Making the same turn again to the left, Dave didn't have enough room. He hit the door that houses our power cord reel, doing a lot of damage that we'll have to pay for. She finally showed us where our site was and took off to eat her ice cream. When I looked at the site number, it didn't match up to our paperwork. But I backed us in and Dave started hooking up. Sure enough, she comes back in her car and starts yelling at me that we're in the wrong site and will have to move. I tried to explain to her that the site she wanted us to go to would not fit us and she kept arguing. Dave finally blew his top and said we were leaving this hellhole.
I went back to the office and actually got all our money back. We agreed to spend the night because it was getting late and we needed to find a new campground.

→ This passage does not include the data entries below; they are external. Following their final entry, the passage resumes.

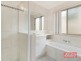 51 Cedar Street, Cannon Hill QLD 4170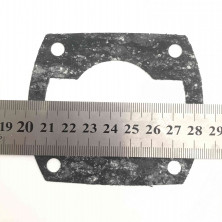 Набор прокладок Крот (ремнабор) малый (3 шт) (Россия)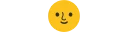 🌝 emoji Small Android Telegram sticker 14 of 68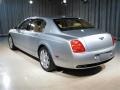 Moonbeam - Continental Flying Spur  Photo No. 2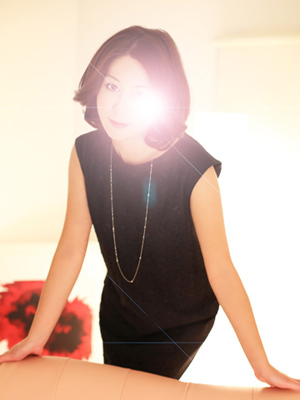 吉川のプロフィール写真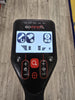 GO FIND 60 METAL DETECTOR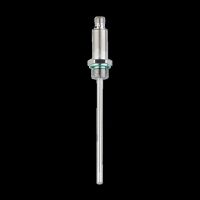 Temperaturtransmitter TA2447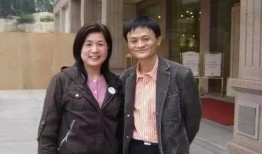 马云老婆爆料是真的吗视频,马云老婆爆料视频真实性探讨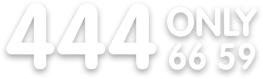 ONLY fotoğraf 1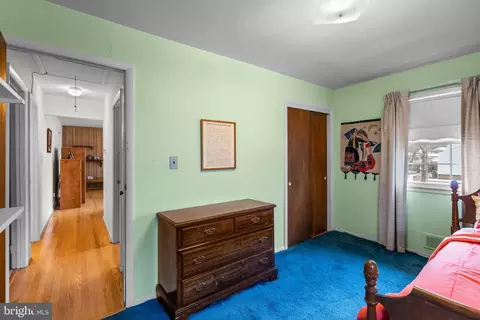 Other - 8920 Hilton Hill Dr, Lanham, MD 20706 photo 8 of 14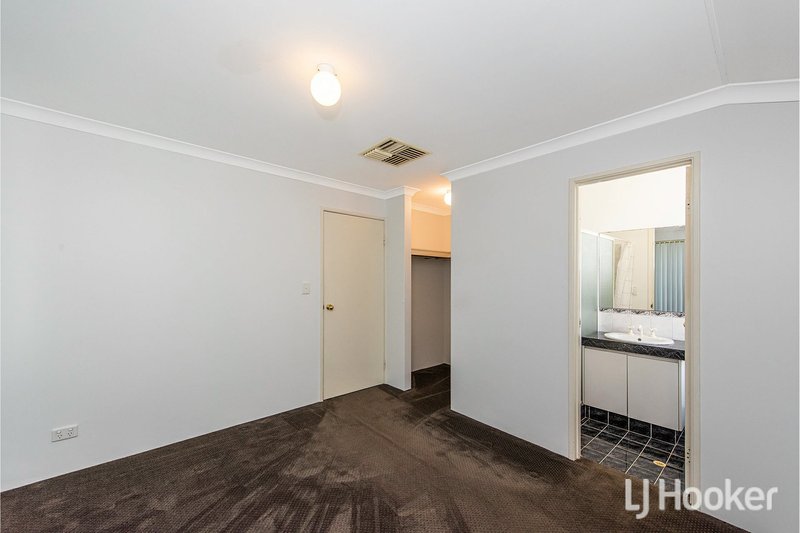 Photo - 16 Abrolhos Loop, Beckenham WA 6107 - Image 16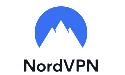 Nordvpn S.A. Logo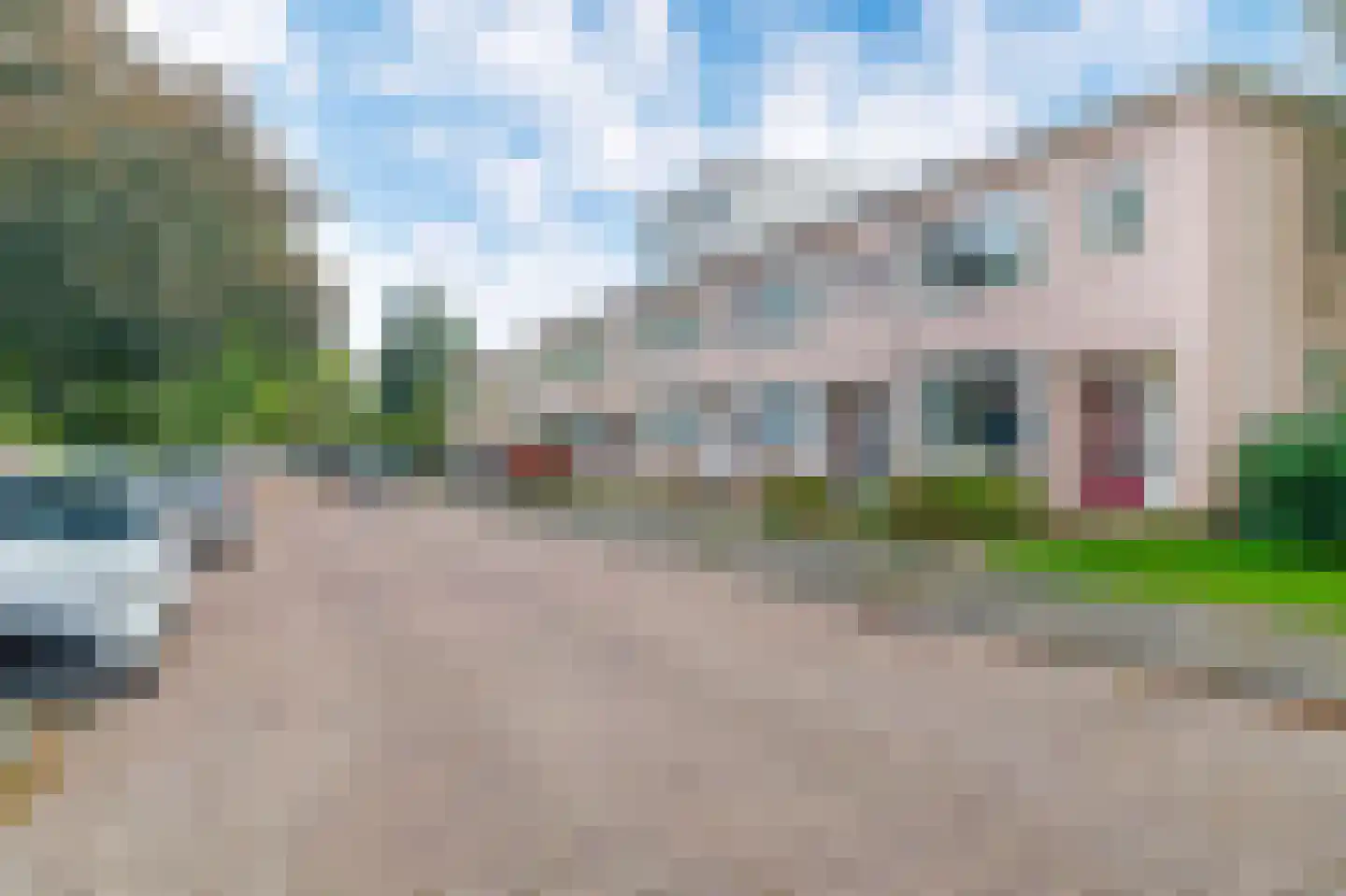 Slotemaker de Bruïnestraat 32 Dordrecht thumbnail 7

We found one, 25 minutes from here. We drove out and looked at it and the campground is wonderful and our site is even better.
So, lesson #1 learned: No more staying at campgrounds with dirt roads and dirt sites. Gravel or paved only. Our rig is so filthy from the CT mud that it won't wash off with a hose. We'll have to get on a ladder and use a scrub brush. It has never looked this filthy in all the time we've owned a rig. And the inside is just as bad. I laid down two bath mats to try and capture the mud, but it's going to take some scrubbing of floors to get it clean.
At least in our new campsite, we have a wooden deck and lots of grass, along with a pond and the requisite ducks.
Lesson #2: If it looks like we can't make it through the roads, we don't go. Period. We get our money back and go elsewhere.
Lesson #3: More research. More research. Google Earth.